Exercise aim =>
The exercise calls for the lines from the one containing "Buzet Apartment |" to the end of the data below to be output exactly, pictures excluded.
(Records for this exercise Opens)
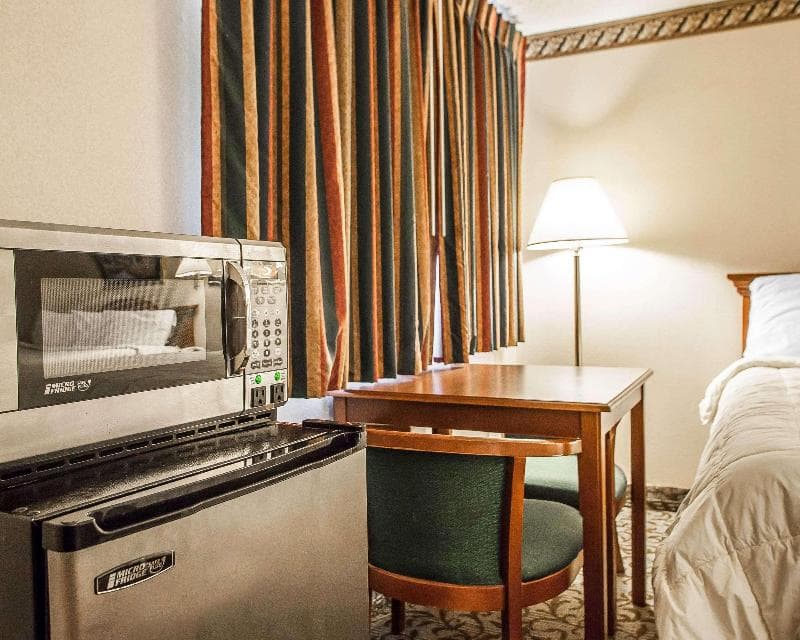 Econo Lodge 5
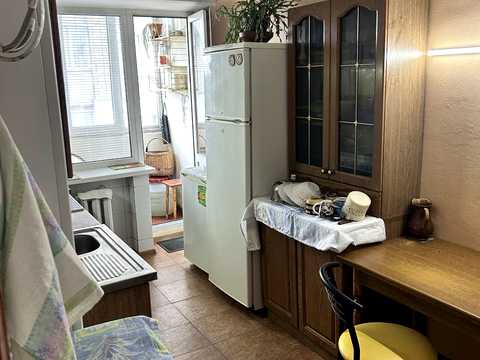 квартира за адресою Героїв просп., 48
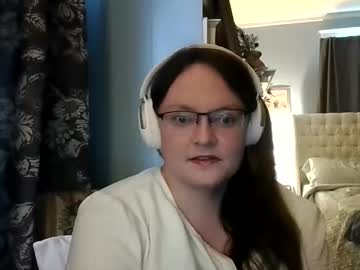 Sylviexxxfun Chaturbate stream image from June 01, 2026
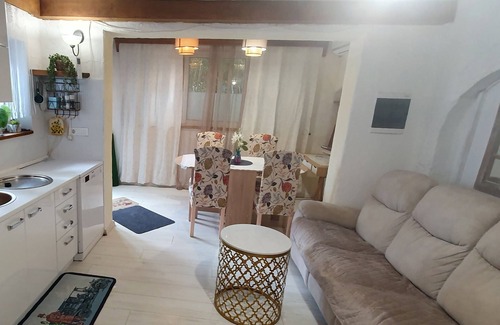 Buzet Apartment | Two bedroom apartment with terrace Juradi, Central Istria - Središnja Istra (A-21453-a)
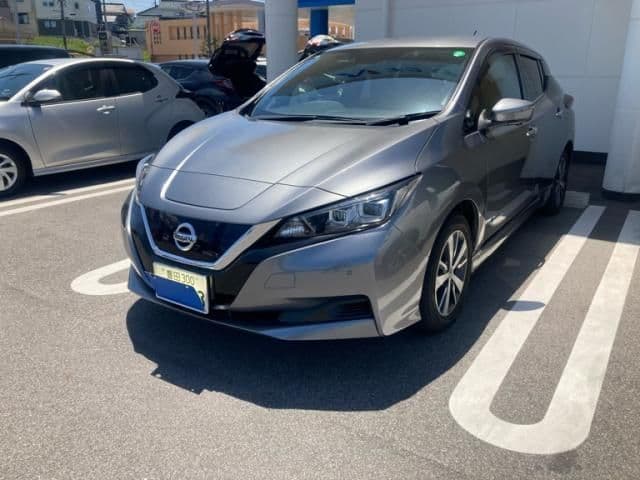 NISSAN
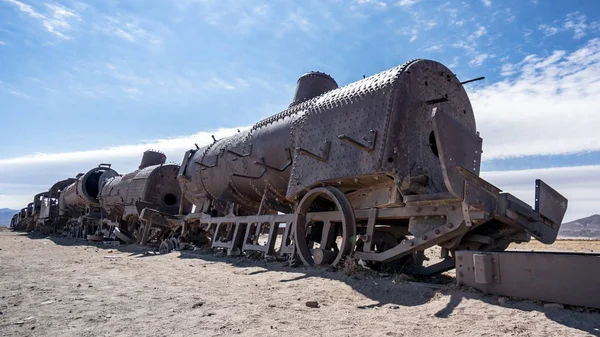 Vecchio treno arrugginito al cimitero dei treni nel deserto di Uyuni, Bolivia, Sud America — Foto Stock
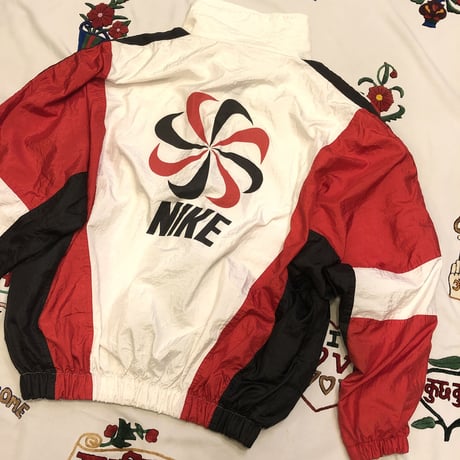 [USED] NIKE ナイロンJACKET！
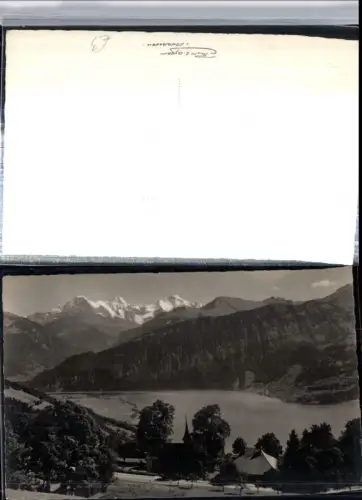 309527,Beatenberg Kirche m. Eiger Mönch u. Jungfrau Bergkulisse Kt Bern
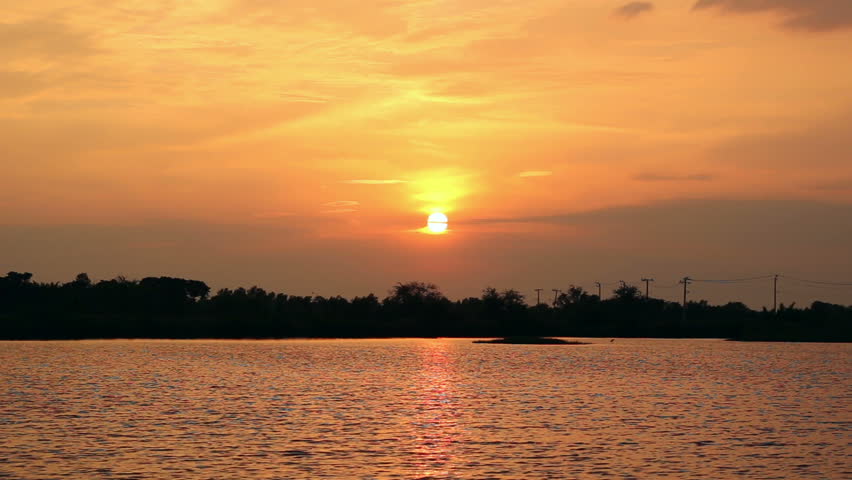 Sunset over the lake 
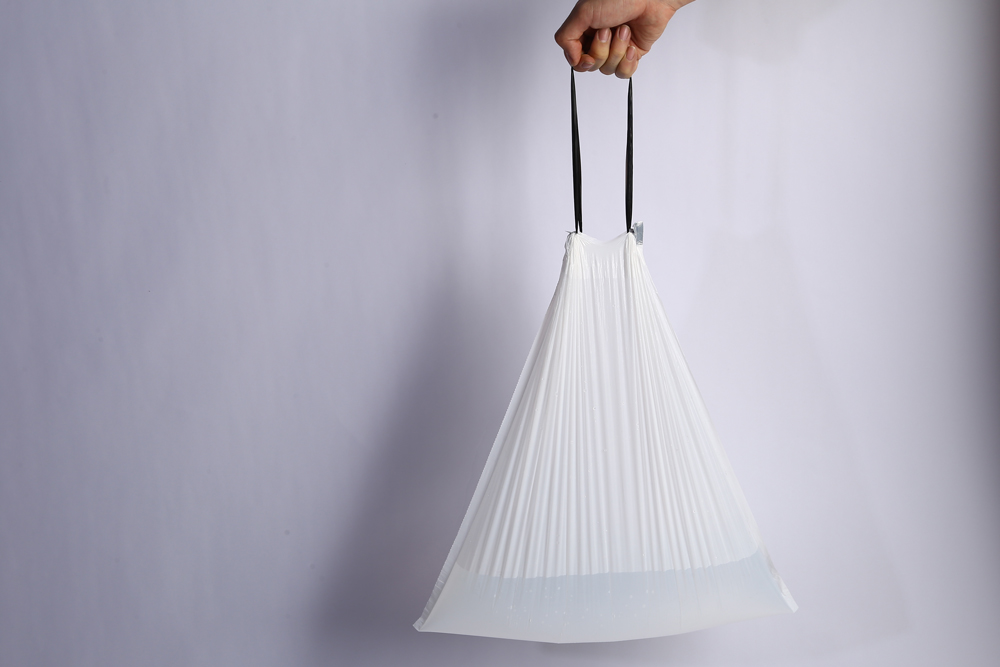 No-Tear-Drawstring-Trash-Bags-With-Convenience-And-Durability5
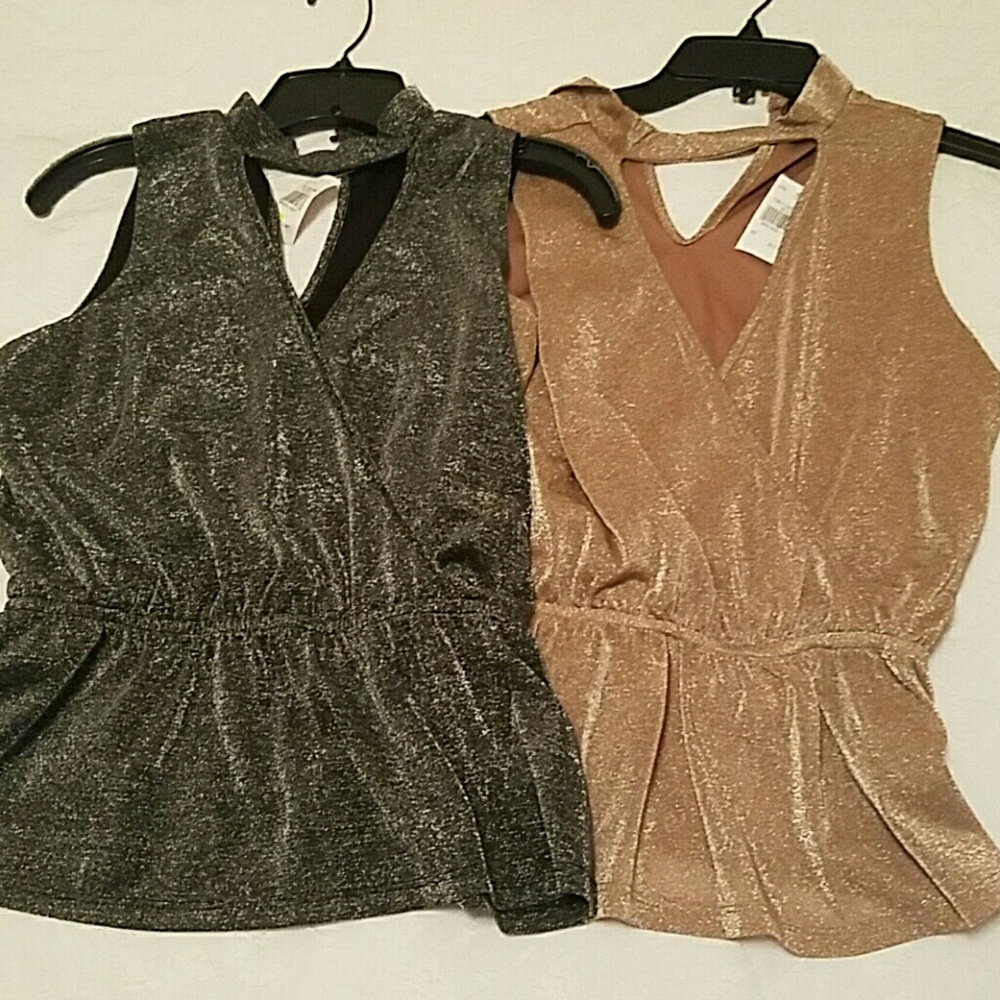 2 blouses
(Records for this exercise Closes)
Output for this task =>
 Buzet Apartment | Two bedroom apartment with terrace Juradi, Central Istria - Središnja Istra (A-21453-a)
 NISSAN
 Vecchio treno arrugginito al cimitero dei treni nel deserto di Uyuni, Bolivia, Sud America — Foto Stock
 [USED] NIKE ナイロンJACKET！
 309527,Beatenberg Kirche m. Eiger Mönch u. Jungfrau Bergkulisse Kt Bern
 Sunset over the lake 
 No-Tear-Drawstring-Trash-Bags-With-Convenience-And-Durability5
 2 blouses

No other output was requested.